Bharat Coking Coal IPO: The initial public offering (IPO) of Bharat Coking Coal, a subsidiary of Coal India, opened for public subscription today, January 9, 2026. Within a few hours of opening, the issue was booked over 5 times, receiving a strong response from investors.
As of 01:45 PM, the issue received bids for 1.90 billion shares against 346.94 million shares on offer, translating into an overall subscription of 5.50 times. The three-day subscription window will close on Tuesday, January 13.
The demand was led by Non-Institutional Investors (NIIs), who subscribed to their reserved quota by 10.32 times. The portion reserved for retail investors was booked 6.4 times, and the shareholders' quota was booked 7.01 times. However, the employees' portion was subscribed to 62 per cent, while the portion reserved for qualified institutional buyers (QIBs) was subscribed to 24 per cent.
The ₹1,071.11-crore public issue comprises an offer for sale (OFS) of 465.7 million shares by promoter Coal India. BCCL IPO is being offered at a price band of ₹21 to ₹23 per share. The minimum application size has been set at 600 shares per lot. The company’s shares are tentatively scheduled to make their D-Street debut on Friday, January 16, 2026.
Key risks associated with investing in the Bharat Coking Coal IPO:
Caution on reserve and resource estimates: The company’s reserve and resource base figures included in its Red Herring Prospectus (RHP) are estimates, and actual production, revenues, and expenditures related to these reserves and resources could differ significantly from these projections. Furthermore, certain reserve and resource information has been prepared and classified in accordance with the Indian Standard Procedure (ISP) guidelines. These estimates have not been audited by SRK Mining Services (India) (SRK) and may differ from international reporting standards.
Geographic concentration: BCCL’s mining and washing operations are concentrated in the Jharia coalfield, Jharkhand, and the Raniganj coalfield, West Bengal, which are critical to its coal production. As of September 30, 2025, it operates 34 mines, including 4 underground, 26 opencast, and 4 mixed mines. This geographic concentration exposes the company to risks, including the eventual depletion of coal reserves, which could materially impact its business, financial condition, operations, and cash flows.

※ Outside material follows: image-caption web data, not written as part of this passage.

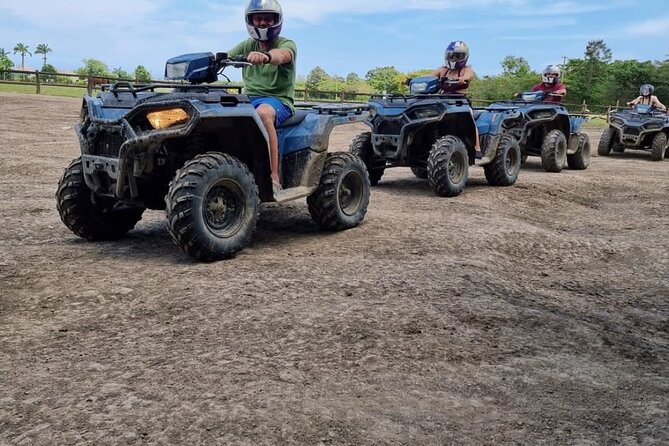 Jam west adventure park tour from Montego Bay - Key points to know before you go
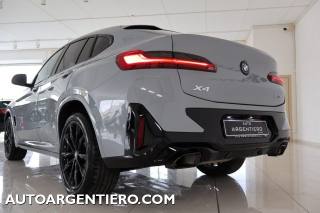 BMW X4 usata, con Start/Stop Automatico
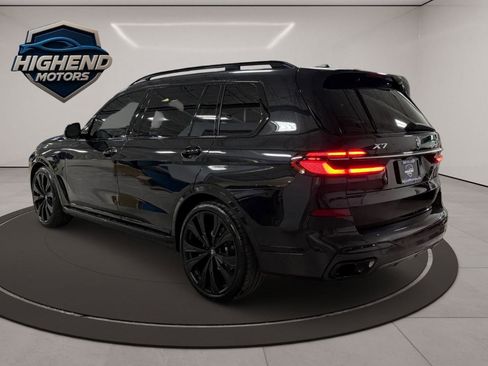 Used 2023 BMW X7 xDrive40i w/ Executive Package image 4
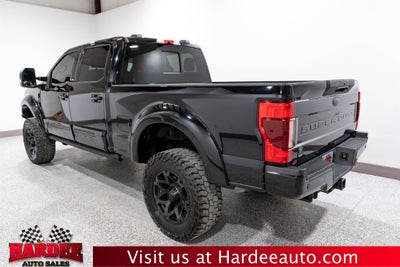 2020 Ford Super Duty F-250 SRW Black Ops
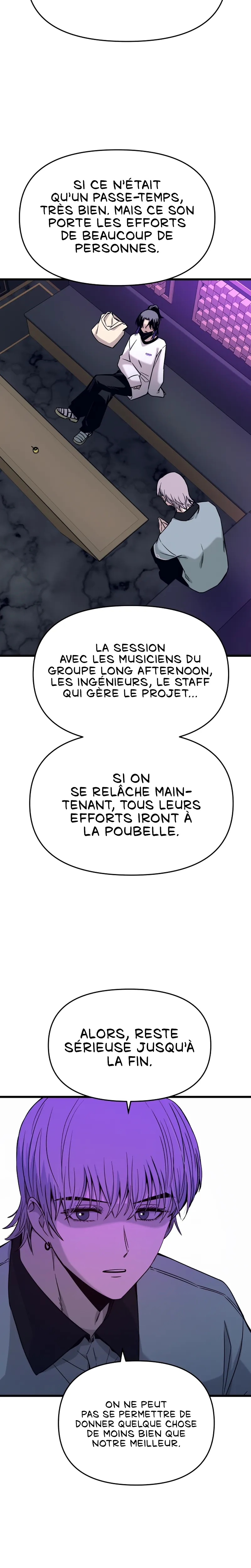 My Bias Gets On The Last Train Chapitre 17 - Page 20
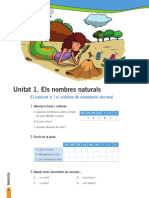 Unitat 1. Els Nombres Naturals: El Conjunt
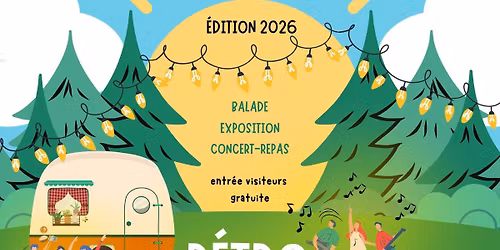 R\u00e9tro Camping 2026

Revenue dependence on coking coal: According to the RHP, a large portion of the company’s revenue is derived from raw coking coal, which accounted for 77.20 per cent, 74.13 per cent, 75.72 per cent, 75.75 per cent and 74.79 per cent of revenue from operations in the six-month periods ended 30 September 2025 and 2024, and FY25, FY24 and FY23, respectively. Any decline in demand for raw coking coal could adversely affect the company’s business. The coal is primarily used in the power sector and may not match the quality of washed coal, which forms a smaller part of production. Economic slowdowns, reduced industrial activity, regulatory changes, technological advancements in steelmaking, competition from other coal or alternative energy sources, and shifts toward cleaner energy could all reduce demand and pose risks to revenue growth.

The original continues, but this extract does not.